MD So what’s a mind-set of them and also I know you’ve touched upon this earlier but what kind of guidelines have you put in place at the moment to support them?
MC So a lot of the comments that we’re getting back from people who are using the more traditional services, and certainly from unpaid carers as well who’ve seen SPAEN as being a huge help and resource for them in terms of just keeping up to date with information, keeping safe etcetera, some of the kind of stronger words that are coming through are things like isolated and abandoned. It’s quite sad that people are coming forward and saying that they’re feeling abandoned at this time. They feel like they’ve been deprioritised. They feel that because they’re not on the HSCP or the care agency list, that they’re basically out of sight and out of mind. This is a time where we really should be rallying together. So as I say, one of the resources that we put together was the emergency register, which just allowed people to access potential supports that are there. Some HSCPs have been absolutely fantastic, and North Lanarkshire in particular. They were very quick in getting in touch and telling us about their resilience committee that was working, talking about advice and support for things like social care. Again the guidance is always written towards perhaps homecare staff or agency care staff, but a lot of it’s very relevant to what PAs are doing in people’s homes. It’s very similar in terms of what the job actually is. It’s just how it’s delivered slightly different. They’ve been very good at giving us details about where people could perhaps access PPE. So yeah, we’ve put a lot of stuff out about things like absence, what do I keep paying my PAs, how do I make sure that my PAs are safe when they come to work and how do I make sure my PAs are safe outside of work as well. So it’s been really touching.
MD Next up we’re going to hear from a charity called Partners for Inclusion Group. They are an independent charity providing individual support for people with learning disabilities and mental health. So we spoke to the CEO of Partners, Pete Richmond.

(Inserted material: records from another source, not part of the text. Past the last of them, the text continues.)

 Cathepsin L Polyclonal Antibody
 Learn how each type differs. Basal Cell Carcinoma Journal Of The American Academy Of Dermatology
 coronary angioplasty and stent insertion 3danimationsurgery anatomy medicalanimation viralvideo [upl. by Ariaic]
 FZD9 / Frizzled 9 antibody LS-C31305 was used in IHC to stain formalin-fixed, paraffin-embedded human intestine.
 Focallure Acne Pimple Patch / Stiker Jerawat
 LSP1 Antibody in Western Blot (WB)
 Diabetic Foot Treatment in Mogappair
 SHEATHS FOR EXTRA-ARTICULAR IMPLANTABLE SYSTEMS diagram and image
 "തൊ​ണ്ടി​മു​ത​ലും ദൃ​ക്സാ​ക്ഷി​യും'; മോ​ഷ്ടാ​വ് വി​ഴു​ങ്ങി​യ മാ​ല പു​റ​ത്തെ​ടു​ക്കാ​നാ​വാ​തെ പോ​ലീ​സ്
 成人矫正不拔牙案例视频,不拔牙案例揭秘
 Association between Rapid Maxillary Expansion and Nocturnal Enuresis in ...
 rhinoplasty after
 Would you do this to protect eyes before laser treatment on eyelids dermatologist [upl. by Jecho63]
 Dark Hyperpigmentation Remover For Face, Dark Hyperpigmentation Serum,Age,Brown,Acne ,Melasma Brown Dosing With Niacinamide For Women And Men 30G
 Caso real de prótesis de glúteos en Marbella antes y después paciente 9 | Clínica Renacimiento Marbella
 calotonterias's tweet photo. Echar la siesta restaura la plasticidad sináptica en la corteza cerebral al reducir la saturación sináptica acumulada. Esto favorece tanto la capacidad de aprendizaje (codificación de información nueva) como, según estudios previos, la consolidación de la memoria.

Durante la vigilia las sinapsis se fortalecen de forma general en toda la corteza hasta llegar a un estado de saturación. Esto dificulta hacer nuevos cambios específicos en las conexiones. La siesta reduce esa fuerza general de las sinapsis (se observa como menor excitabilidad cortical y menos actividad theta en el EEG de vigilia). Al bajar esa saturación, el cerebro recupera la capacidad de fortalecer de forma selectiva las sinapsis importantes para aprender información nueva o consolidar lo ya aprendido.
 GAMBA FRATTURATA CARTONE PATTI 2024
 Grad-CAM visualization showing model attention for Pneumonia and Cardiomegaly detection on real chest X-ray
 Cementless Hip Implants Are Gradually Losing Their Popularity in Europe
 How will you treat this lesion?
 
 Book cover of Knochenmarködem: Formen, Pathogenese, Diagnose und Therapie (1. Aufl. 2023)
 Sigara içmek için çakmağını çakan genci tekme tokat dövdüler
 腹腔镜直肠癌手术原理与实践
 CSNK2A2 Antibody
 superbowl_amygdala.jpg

PR Yeah, well we’re a social care charity. We support people who have a learning disability, physical disability, maybe with mental health problems, basically people who just require some additional support. We don’t like to have lots of labels around people because actually most of us have got one label or another, or two or three, and it can end up a very long list really. So it tends to be people who do have a learning disability and need help or support in daily living, whether that be 24 hours a day or just a few hours’ support a week. We do it in a way where it’s supporting people in their own homes or getting about from their own home. What we don’t do is support people in congregated living arrangements, certainly which we’ve not set up. There’s one or two people who do live in places like that but mostly it’s people in their own ordinary home going about doing their ordinary business.
MD So can you tell us what’s the views of people that you support? Are there any kind of issues at the moment in terms of you delivering the support to them? Are there any issues in the way?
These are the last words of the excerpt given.